As the camera floats through a hazy summer night sky in 1995 suburban Ohio, we see young Natasha (Ever Anderson) and her little sister Yelena (Violet McGraw) catching fireflies under the loving watch of their mother Melina (Rachel Weisz). When their father Alexei (David Harbour) returns home from work, the idyll shatters. Alexei and Melina grab the girls and escape to an airfield, forcing Natasha to fight the mysterious agents in pursuit. The quartet escapes to Russia, where we discover that they are not Americans—nor are they even family. Alexei and Melina are Soviet spies, while Natasha and Yelena are trainees in the Black Widow program, which uses brainwashing and physical abuse to turn young girls into government killers. 
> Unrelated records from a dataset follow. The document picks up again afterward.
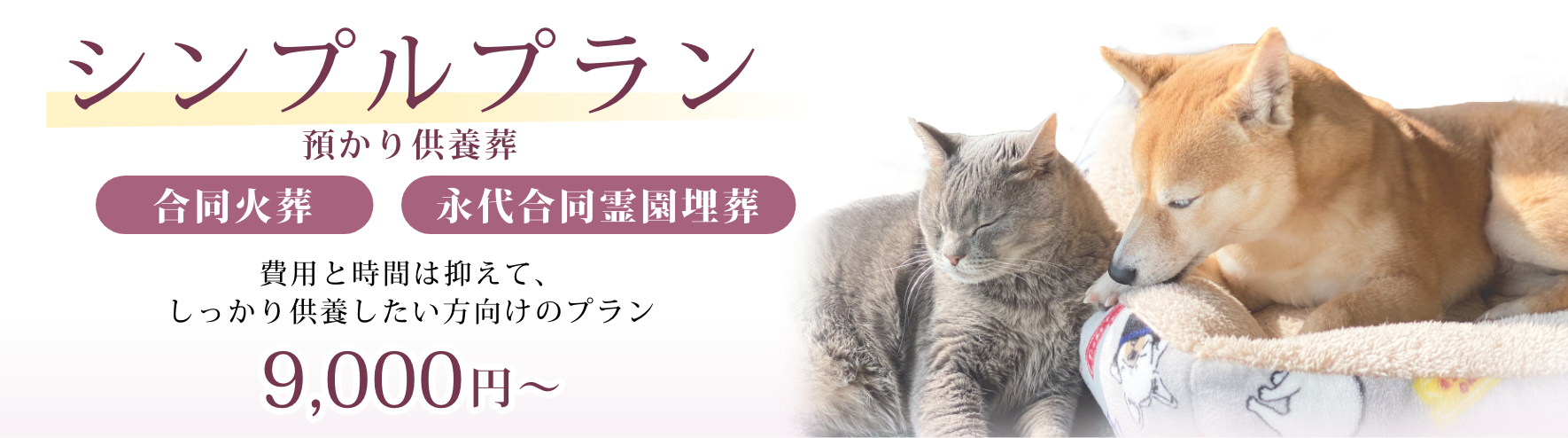 シンプルプラン　合同火葬・永代合同供養　8,800円〜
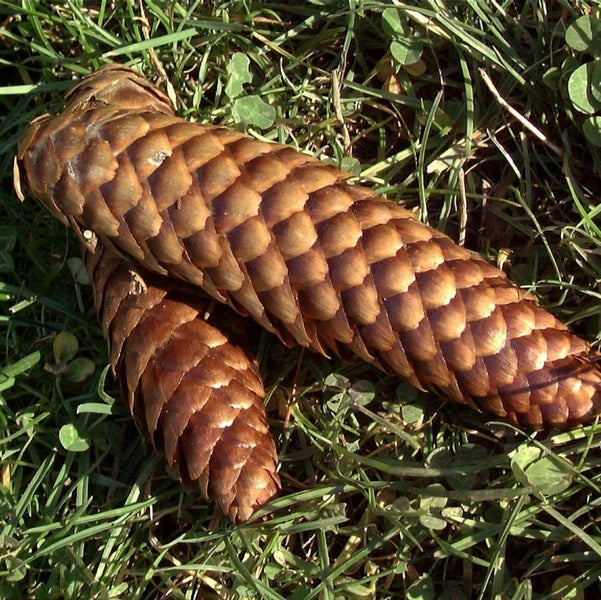 Zwei Tannenzapfen auf Gras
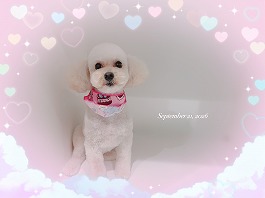 ココちゃん♀
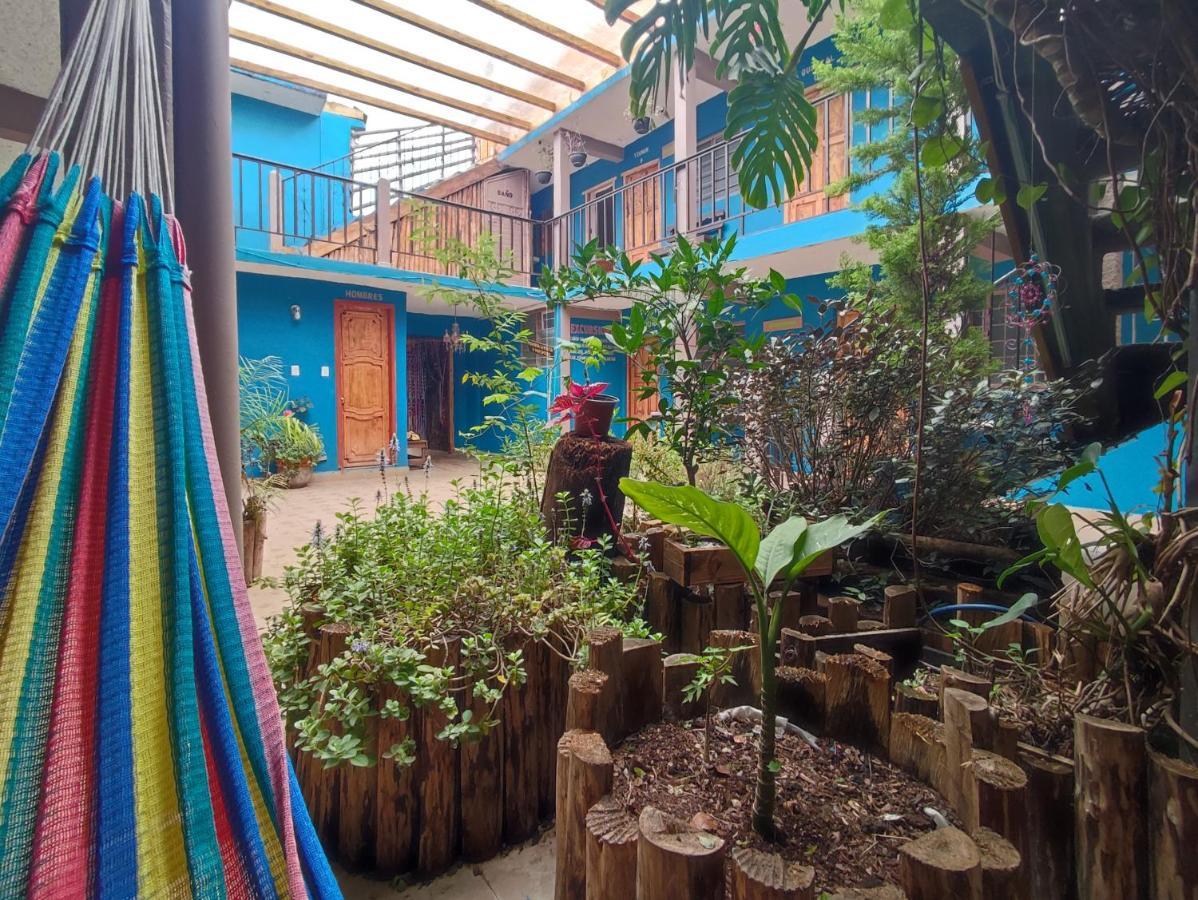 Hostal Ikal San Cristobal de las Casas Bagian luar foto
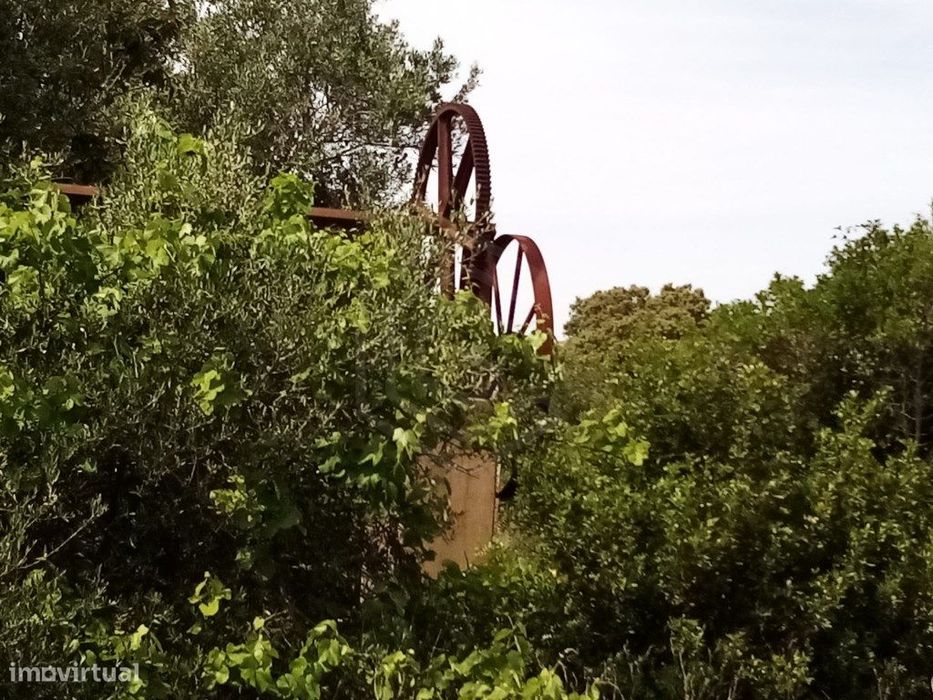 Terreno Rustico com 11 136m2, Loulé, Algarve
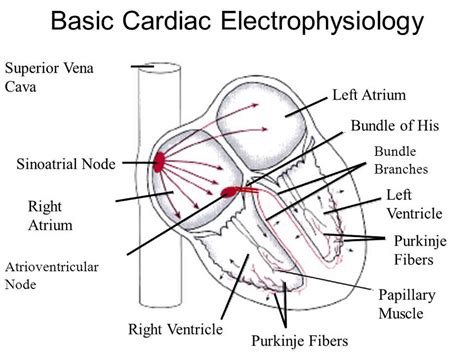 Cardiac Electrophysiology Study Procedure Electrophysiology Test Of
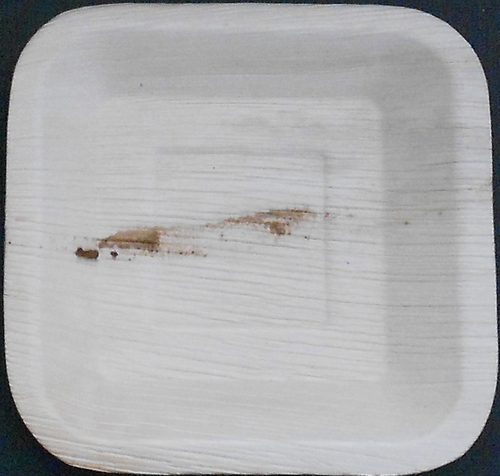 Areca Leaf Plates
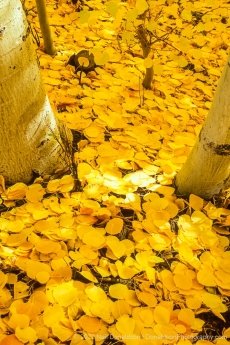 Fallen Aspen Gold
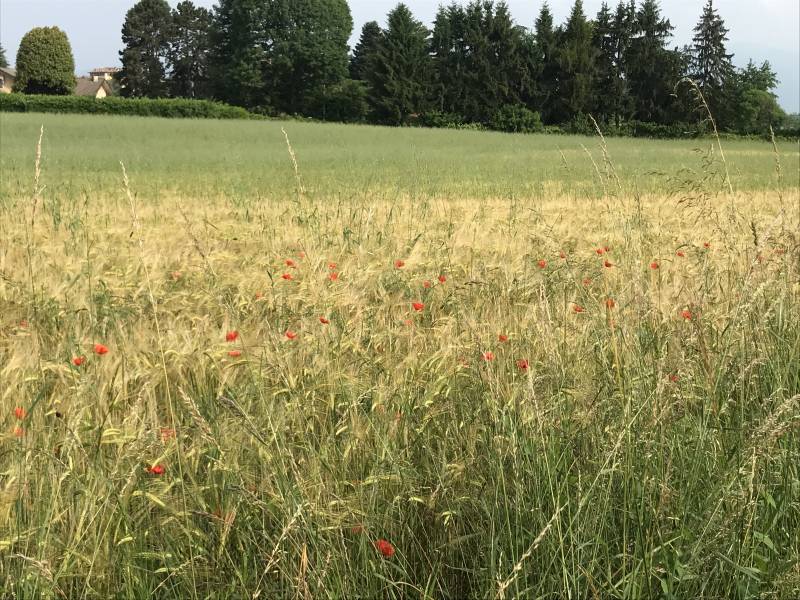 Campo di grano e papaveri il 26 maggio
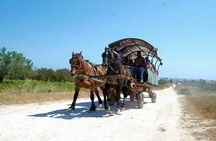 Comingl Caravan in Sousse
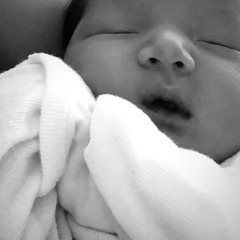 Welcome Iris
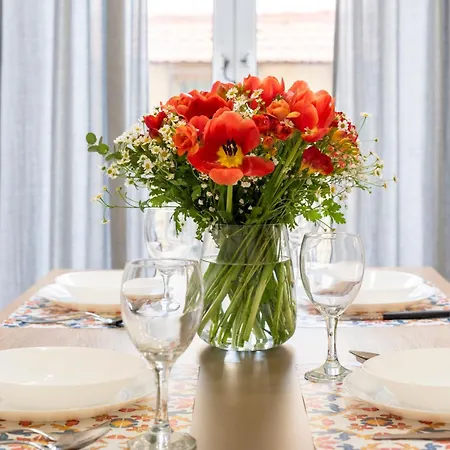 Apartment Sognanapoli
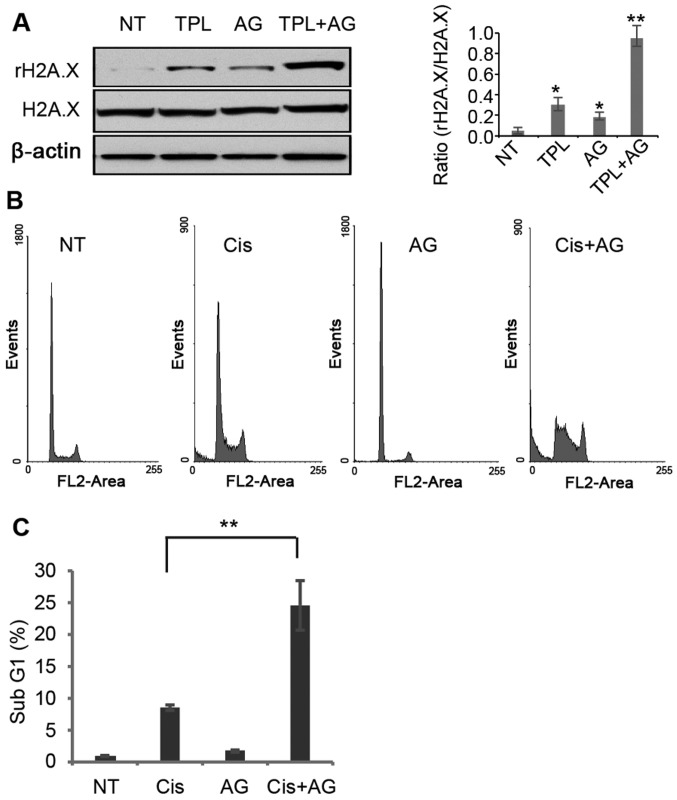 Figure 4.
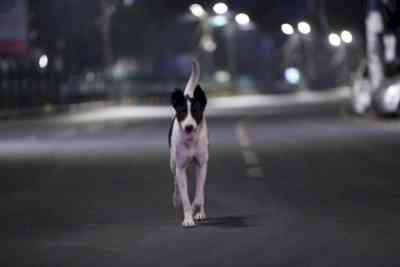 Gorakhpur man poisons dog, seven pups and then burns their bodies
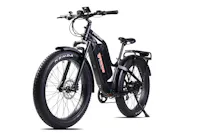 Young Electric 12803007MFBLK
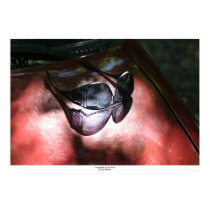 Sunglasses on Car Hood posters
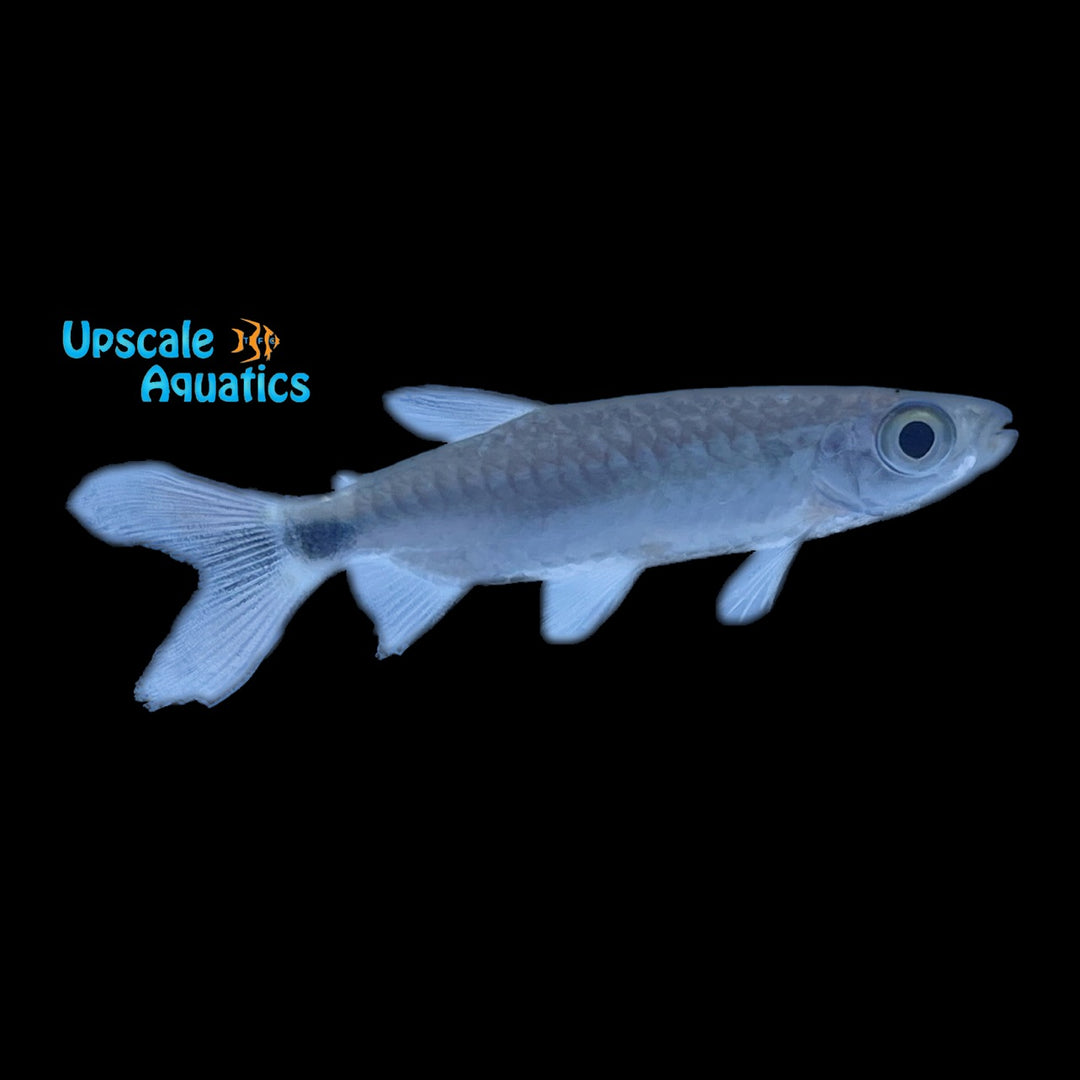 Blue Spot African Tetra (Brycinus poptae)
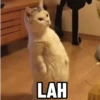 LAH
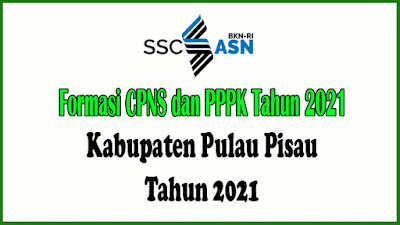 RINCIAN PENETAPAN KEBUTUHAN APARATUR SIPIL NEGERA DI LINGKUNGAN PEMERINTAH KABUPATEN PULAU PISAU TAHUN ANGGARAN 2021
This façade of peace recontextualizes the Natasha Romanoff we’ve known since her first Marvel Cinematic Universe appearance, in 2010’s Iron Man 2. Played by Scarlett Johansson, Natasha (aka Black Widow) has been defined by guilt. All of her actions, from spying on Tony Stark in Iron Man 2 to sacrificing herself in Avengers: Endgame, have been attempts to cleanse her sins. As she so memorably put it in The Avengers, Natasha believes she has “red in her ledger” and wants desperately to wipe it off. But if even her happy childhood is a lie, what does redemption for Natasha Romanov look like?